Step 1) Cut the MMO out of RPG. Forget especially about the "massively" part until you get filthy rich or you have gathered many years of expierience in managing large game projects and have access to a large team. Put the Multiplayer part aside for now too.
Step 2) Think about what you would like to become, jobwise and/or in this game project. If becoming a programer is your target, put aside the RPG part and Unity for now too and learn to program small games from scratch. If for nothing else than to really know what is going on under the hood of the game engine you will use again later on. Or maybe you will be one of the guys that will write his own 3D engine, for one reason or another, who knows?
Step 3) build you skills to a level that gives you the ability to come up with a cool demo or prototype. IMO, Learn the basics, then quickly move to an existing 3D Engine (IF you still rather want to build a 3D Game than building an engine) and start creating small games and prototypes there. Get some expierience, and create some cool little things on the way.
Step 4) If you still want to build your dream game: Plan ahead. Be brutally honest with yourself, use the knowledge you gained over the last few months and years of learning, and CUT YOUR GAME DOWN TO SIZE! The MMO part has been thrown out long ago, now try to reduce both the core features and the graphics to a manageable level! You need to be aware:
- it is incredibly hard to find motivated, skilled people working for free.
- it is incredibly hard to manage a team, and it will cost you a good amount of your time if you try
- outsourcing to freelancers is a better idea, but will cost you something
Make sure you are aware how much you want to spend: have 1'000'000$? You still cannot build the next skyrim, but maybe a very small portion of that game in the same quality, or something a tenth as big in a much lower quality. Have 100'000$? Now you need to become clever how you spend that money. You will have to cut down game logic, graphics, and the whole scale to fit you budget. Have 10'000$? Yeah, that might buy you a single character from Skyrim, depending on the details and animations... or 10 lower quality assets.
If you have no money to spend, prepare to be very much on your own. Now you need to become both clever about how you tackle things (procedural generation, put details where they are needed and omit them everywhere else), and lower your expectations on scale and quality.

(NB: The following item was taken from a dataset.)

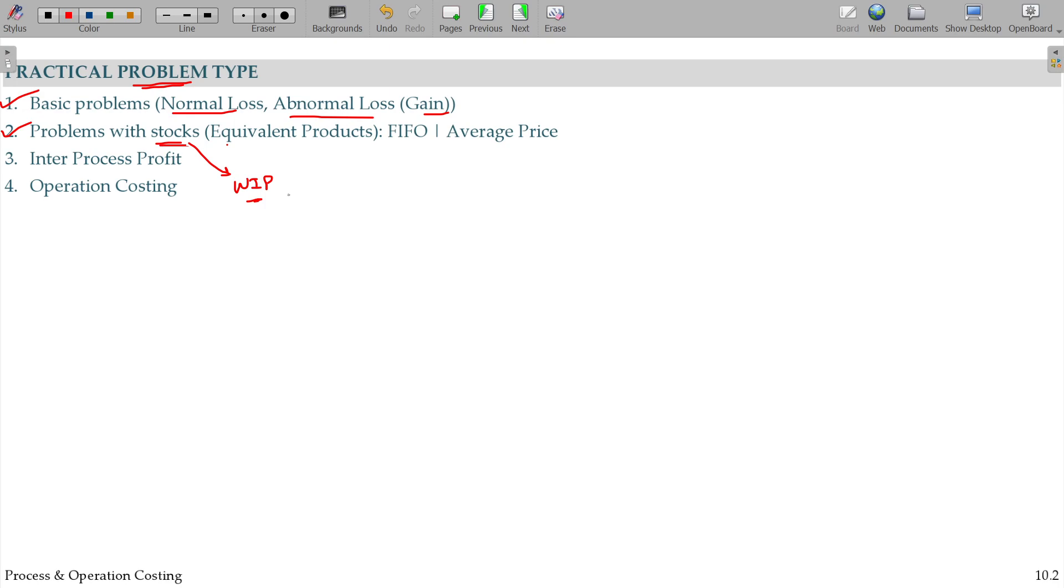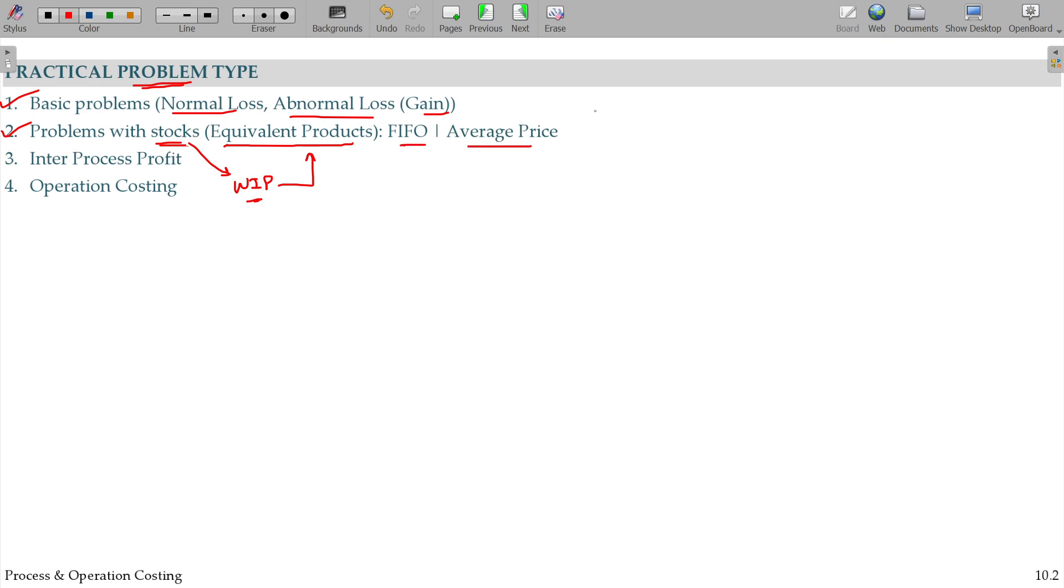50% material, labor, overhead in the fully finished goods. Equivalent product. FIFO and average price will be important. Of course, LIFO and weighted average method are one of the ideas that we have to get.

IF your vision is as big as you think, and you produce some good demos and prototypes while learning, you might have a chance to find volunteers.... just be aware they are still a two-sided coin: they might do some work for you, and fill some gaps, but you will need to invest some time yourself to manage them, keep them interestet and motivated.
Step 5) Start building your dream game, step by step. Break it down into the basic components, and build each one on its own.
- A very small test area. Play around with level design, see what works for you wand what does not, maybe start thinking about where you can cut costs by procedural generation, re-use and so on.
- A player character: If you do not have a model yet, use a proxy. Get the player character moving around
- Enemies: as above
- A fight system...
And so on. In the end, you will have a very small scale single player RPG without much story. Now, IF YOU HAVEN'T HAD ENOUGH, and still want to go on, get your fet wet in implementing networking and creating a multiplayer expierience, or expand the RPG with more levels and a story.
And maybe, one day, in some years, you got to release your very own RPG. IT won't by Skyrim, it won't be WOW, and most probably you will have to work hard to match even Minecraft... but its your own baby.